L’entrata in vigore del Pai nel 2005 ha bloccato la maggior parte dell’edilizia in una zona che va dal Tronto fino al Palacongressi, abbracciando quasi metà della città. Una perdita economica non indifferente per le casse comunali, che fanno a meno di centinaia di migliaia di euro in oneri di urbanizzazione.

«E’ il blocco di una situazione che era già in movimento – spiega Gaspari – ci sono aree di lottizzazione artigianale, come a esempio nella zona Agraria, nella quale dopo l’entrata in vigore del Pai c’è stato un blocco delle autorizzazioni edilizie che ha penalizzato arbitrariamente alcuni cittadini. Gente che avrebbe voluto realizzare uno scantinato, oppure un soppalco in un capannone artigianale».
Per ottenere una riduzione dei vincoli edilizi e della classificazione delle zone di rischio il Comune deve realizzare degli interventi che abbassino il potenziale distruttivo di una eventuale esondazione del Tronto. Pulizia dei sottopassi ferroviari, sottopasso ciclabile in via dell’Airone, canale di scolo nel piazzale della ditta Bollettini, innalzamento degli argini del torrente Fosso dei Galli in modo da prevenire gli allagamenti in via Val Tiberina. E poi c’è la questione dei ponti stradali e ferroviari, più a lungo termine e più costosa.
Per quanto riguarda il ponte del Tronto sulla Ss16, il 15 novembre sono scaduti i termini per la presentazione delle offerte mentre il 17 novembre sono state aperte le buste. Una conteneva un ribasso del 25% sulla base d’asta, l’altra un ribasso del 21%. Ora le due ditte dovranno dimostrare all’Autorità di Bacino l’effettiva congruità di questi ribassi.

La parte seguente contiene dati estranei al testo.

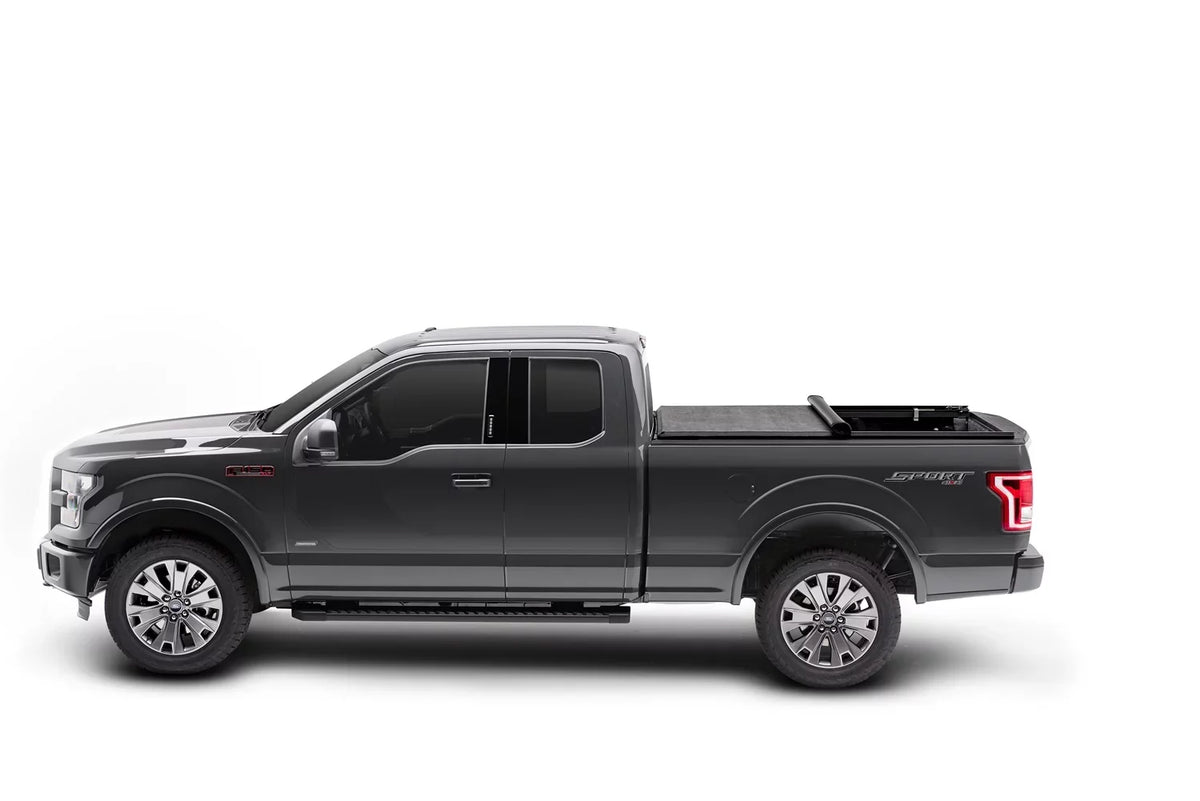 TruXedo TruXport Soft Roll Up Truck Bed Tonneau protector | 258101 | Fits 1997 - 2003  F-150, 04 Heritage 6' 7" Bed (78.8")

«Purtroppo – sibila Gaspari – il Comune di Monteprandone e di Monsampolo hanno preso di petto la questione del Pai e fin dalla sua emanazione hanno avviato un dialogo con l’Autorità di Bacino. L’amministrazione Martinelli invece ha trascurato questo aspetto, tanto che nella proposta di Prg del professor Bellagamba addirittura non si teneva conto del Pai».